Assuming without deciding that the less deferential standard applies, we find that Education Law § 211-f (8) is reasonable and necessary both on its face and as applied. In context, the receivership agreement was necessary in order to implement available methods to address the immediate issues that were facing the struggling or persistent struggling schools. The statute provides that the Superintendent must act in accordance with the existing CBA, and, where, as here, a receivership agreement is requested, the statute limits the scope of the agreement — and impairment. No modification or impairment can be unilaterally imposed but instead must be negotiated. As applied, although an agreement was not reached with regard to all issues, the modifications imposed were applicable to the affected schools only for the time limited by the statute. In sum, because the statute and the agreements apply prospectively and limit the scope, application and duration of any modifications to existing agreements, while prohibiting any adverse financial impact, we find that it was reasonably designed and necessary to further the goal of helping students to succeed (see Buffalo Teachers Fedn. v Tobe, 464 F3d at 372; Matter of Subway-Surface Supervisors Assn. v New York City Tr. Auth., 44 NY2d 101, 113 [1978]). Although petitioner argues that there are means and methods that would be much more effective, the relative wisdom of the statute is not for us to consider (see Home Bldg. & Loan Assn. v Blaisdell, 290 US 398, 447-448 [1934]).

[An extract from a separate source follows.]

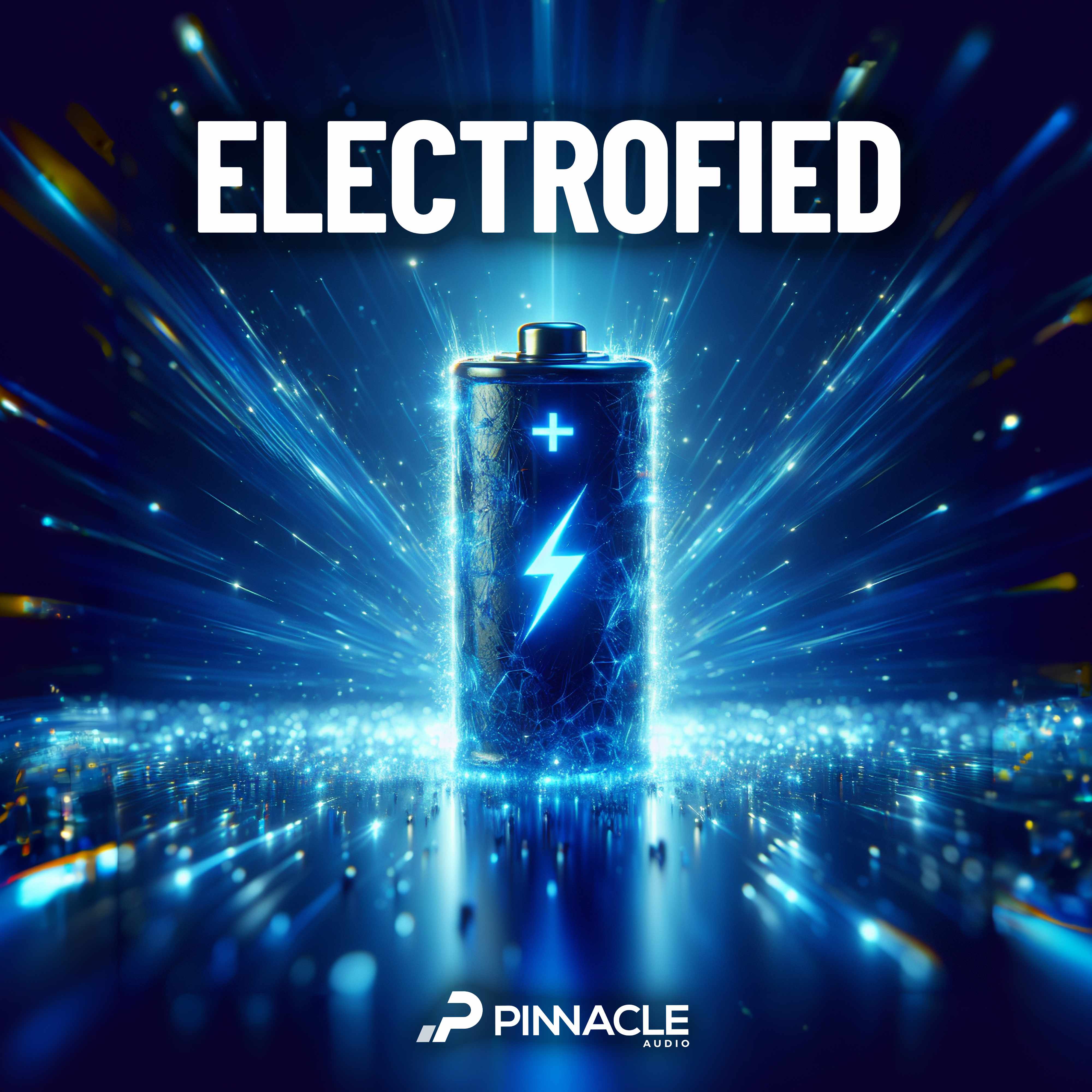 Electrofied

We have considered the parties' remaining arguments and find them to be either without merit or, given the foregoing determinations, not necessary to consider.
Garry, P.J., McCarthy, Clark and Pritzker, JJ., concur.
ORDERED that the judgment is modified, on the law, without costs, by reversing so much thereof as dismissed petitioner's fourth and fifth causes of action in the consolidated petitions; matter remitted to respondent State Education Department for further proceedings not inconsistent with this Court's decision; and, as so modified, affirmed.
Footnote 1: The regulations promulgated under Education Law § 211-f use the terms "struggling school" and "persistently struggling school" interchangeably with "failing school" and "persistently failing school" (8 NYCRR 100.19 [a] [1], [2]). Like the parties, we will also utilize the terms "struggling" and "persistently struggling."